Magdeburg l Manche Dinge überschreiten kulturelle Grenzen. Eine davon ist die geradezu magische Anziehungskraft eines schwedischen Einrichtungshauses. Egal, wie lange man auf Internetseiten und in Läden der Konkurrenz stöbert - irgendwie kommt man dann doch zurück in dieses magische gelb-blaue Land. An einen Ort, an dem man eigentlich nur ein Bett kaufen wollte. Das hat man auch getan. Doch zusätzlich geht man mit einem Jahresvorrat an Fleischbällchen, 17 Aufbewahrungsboxen aus Plastik und einer extrem wackeligen Standleuchte wieder nach Hause.

Dass das so ist, kann ich aus Erfahrung sagen. Egal, ob man in London oder in Magdeburg lebt. Ganz gleich, ob man eine wie in Großbritannien üblich eine komplett möblierte Wohnung mit ein paar extra Bücherregalen bestückt oder sich das Mobiliar für ein komplettes Apartment anschafft – mit Betten, Sofas und allem drum und dran. Mit einem großen Unterschied: Ich habe das Gefühl, dass die Deutschen eine besonders intensive Beziehung zu diesem Möbelhaus pflegen. Sie haften so sehr an ihm fest, wie einer dieser Saugnäpfe, die man an der Badezimmerwand befestigt. Sie unterstützen den Laden wie eines dieser extra kräftigen Lattenroste mit den verschiebbaren Plastikelementen, die für extra Stabilität sorgen.

Wir Briten sind da ein bisschen gleichgültiger. Und unemotionaler: Uns geht es primär um das Preis-Leistungs-Verhältnis. Und vielleicht noch darum, dass es unserer Männlichkeit schmeichelt, wenn wir unsere Möbel selbst aufbauen. Wir haben schließlich den Krieg gewonnen – natürlich schaffen wir es dann auch, unseren eigenen Esstisch zusammenzubauen. Möbel nach Bildanleitung zusammenbauen.

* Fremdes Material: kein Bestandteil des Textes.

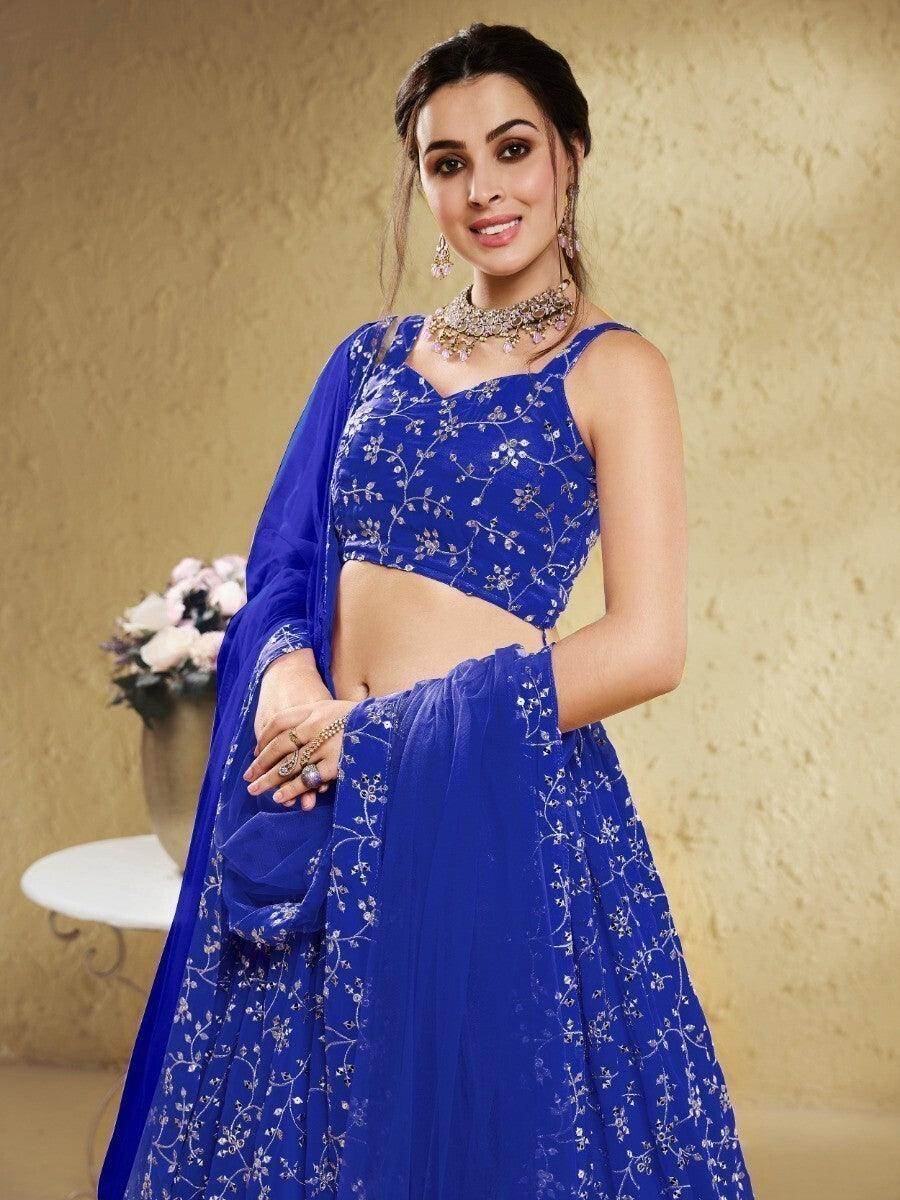 Fancified Blue Sequins Georgette Sangeet Wear Lehenga Choli - Zeel Clothing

Das ist überhaupt eine praktisch verpackte Möglichkeit für uns Briten, unseren Einfallsreichtum zur Schau zu stellen. Aber das war’s dann auch schon mit der Beziehung der Briten zu der ikonischen schwedischen Marke. Es geht hier um pure Berechnung – nicht um Leidenschaft, um Gemütlichkeit.

Die Deutschen hingegen … meine Güte. Meine Freundin und ich saßen nur kurz auf einem der Sofas in einem der vielen Schauräume. Dann stand plötzlich eine junge deutsche Frau vor uns. Sie sagte in vorgetäuscht ernstem Ton: „Entschuldigen Sie, Sie sitzen in meinem Wohnzimmer.” Was haben wir alle gelacht. Weil das der Traum ist, stimmt’s?

Der Traum eines jeden Deutschen. In einem schwedischen Schauzimmer zu leben, in dem jeder noch so kleine Platz an der Wand von einer kleinen Regalbox zum Aufhängen besetzt ist. Eine Couch zu besitzen, die man eines Tages von einem Zweisitzer in einen Drei- oder Viersitzer verwandeln kann. Und zu 100 Prozent sicher zu sein, dass das Bücherregal zur Vitrine passt, weil beide den selben willkürlichen schwedischen Namen teilen.

Deutsche haben mir in London mal erzählt, dass es in ihrem Land durchaus üblich ist, als junges Pärchen in dieses Einrichtungshaus auf eine Art Date zu gehen. Was mir damals lächerlich vorkam, erscheint mir heute pragmatisch. Ein früher Test für die Beziehung. Magst du diesen Beistelltisch? Nein? Hmmm. Wie sieht es mit diesem praktischen Regal aus, das für einen extra engen Flur konzipiert ist? Auch nicht? Nun ja, es war nett, dich kennengelernt zu haben. Ich meine, warum Zeit vergeuden? Du bist ein Billy, ich bin ein Hemnes. Wir sind einfach nicht füreinander bestimmt.

Ihr seht schon: Wie sehr die Deutschen diesen Laden lieben, geht mir manchmal ein bisschen zu weit. Ist der Gedanke nicht traurig, dass das eigene Wohnzimmer bereits von einer Gruppe schwedischer Designer bis ins letzte Detail vorgeplant wurde und in einem Gebäude, das die Größe einer riesigen Lagerhalle hat, irgendwo am Stadtrand zur Schau steht? Wie viele Wohnzimmer gibt es in Deutschland, die identisch aussehen?